Нет, сегодня разговора не будет. Из Поливанова сейчас верёвки вить можно, он и не мяукнет, настолько его потрясли мои откровения. Голова в таких ситуациях не работает вообще, а бессвязный бред никому не интересен.
Вызываю охрану и передаю им бывшего губернатора. У него аж ноги подгибаются, настолько потрясён моими словами. Да… слабовата нынешняя элита в коленках. А с другой стороны — откуда другим-то взяться? Таковые качества в наше время очень даже приветствовались. Чиновник не должен был быть слишком уж самостоятельным, опасное это дело. Да, ежели он ещё и на посту большом поставлен… даже мысли такие — и то уже криминалом были. Человек должен был быть управляемым. И, желательно, на чём-то неприглядном эту уверенность обосновывать. Чиновник без страха перед вышестоящим начальством — вещь, немыслимая даже в принципе! Вот и вырастили таких вот… поливановых.
Сплюнув с досады на пол, выхожу во двор. Сегодня ещё много дел предстоит. Уже скоро будем мы караван снаряжать. Поедем с отцом Михаилом к его пастве. Люди там уже, поди, последний хрен без соли доедают, а мы тут дурью всякой занимаемся. По лесам скачем, друг в друга стреляем… не дело это.
Выйдя из ворот, заворачиваю за угол… и останавливаюсь.
У обочины стоят два громадных монстромобиля. Точно таких же, какой мы приспособили в поездку. Около них в живописном беспорядке расположилось человек пять. Все с пистолетами на поясах. От ворот на них искоса поглядывает часовой. А в глубине двора нарисовалось с десяток людей с оружием. На улицу они пока что, не выходят и ведут себя тихо. Правда, и компания автомобилистов не даёт никаких поводов для беспокойства. Интересно, а это кто такие будут?
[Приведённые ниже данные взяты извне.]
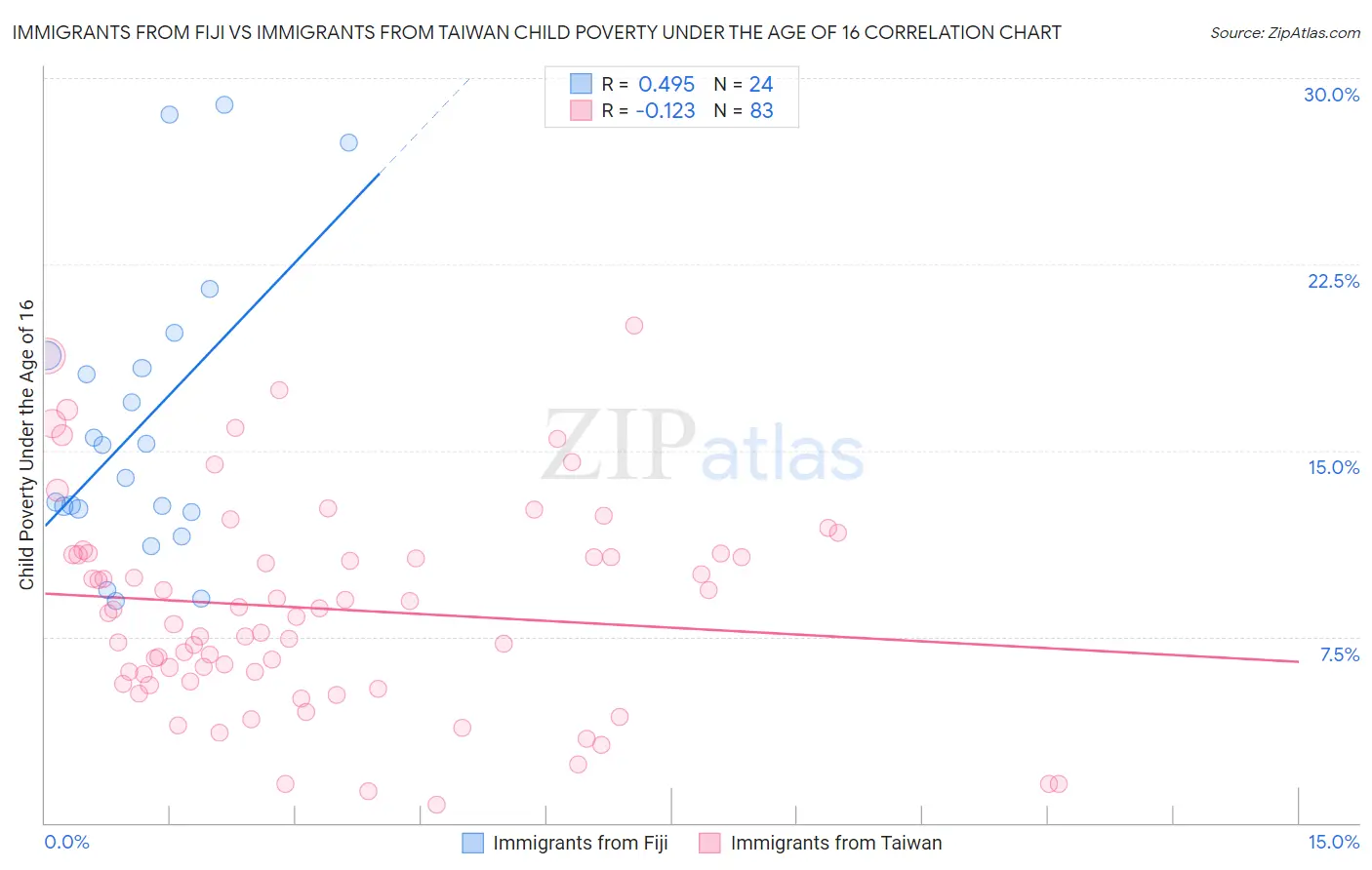Immigrants from Fiji vs Immigrants from Taiwan Child Poverty Under the Age of 16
Увидев меня, один из сидящих около машин людей, встаёт и подходит ко второму автомобилю. Поднимается по лесенке к кабине.
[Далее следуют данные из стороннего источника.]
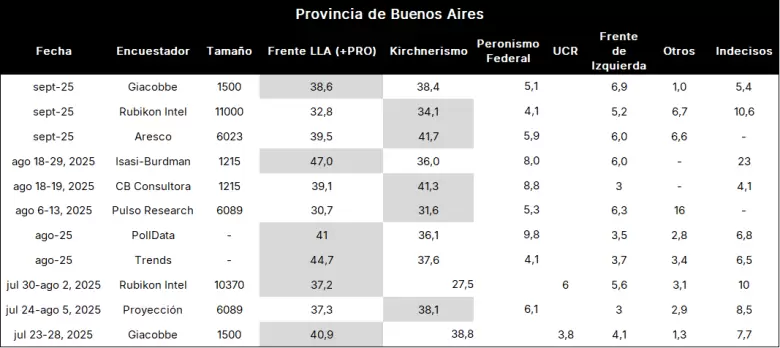 Tabla del Día: Encuestas recientes de PBA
Почти сразу же распахивается дверь (часовой у ворот тянет руку к автомату), и из кабины появляется здоровенный дядька. Размер одежды у него… шестидесятый, не меньше. Заросший почти до глаз черной бородищей, он неторопливо спускается вниз по лесенке. Хотя, сопровождающие его люди и встают при появлении этого дядьки, однако же помогать никто не спешит.
Так… Надо понимать, по мою душу гость. За машину ему обидно стало, вот на разборку и прикатил.
Ну что ж… поговорим.
Дядька тем временем уже ступил на землю и, не торопясь, направляется в мою сторону. Нехорошо быть невежливым, тем паче, это у меня перед ним "косяк", а не наоборот. Делаю несколько шагов ему навстречу.
— Господин Рыжов? — осведомляется хриплым басом бородач.
— Товарищ. Не прижилось, знаете ли, в наших краях это новорусское обращение.
— Ха! Так и я далеко не "новый" русский! Скорее уж — старый!
— Ну… лет вам не так уж и…
— Я не про года говорю! Позвольте представиться — Калин Сергей Германович. Пенсионер!
— Охренеть, какая у вас пенсия! Поди, персональная?
— Лучше! Заработанная! Я, уважаемый, строитель! Д о м а строил. Правильные, ежели вы это понимаете. Оттого и с нынешней властью плохо уживаюсь. Не умею, знаете ли, халтуру и ширпотреб гнать! Дом должен крепким быть! Таким, чтобы не стыдно было туда гостей пригласить.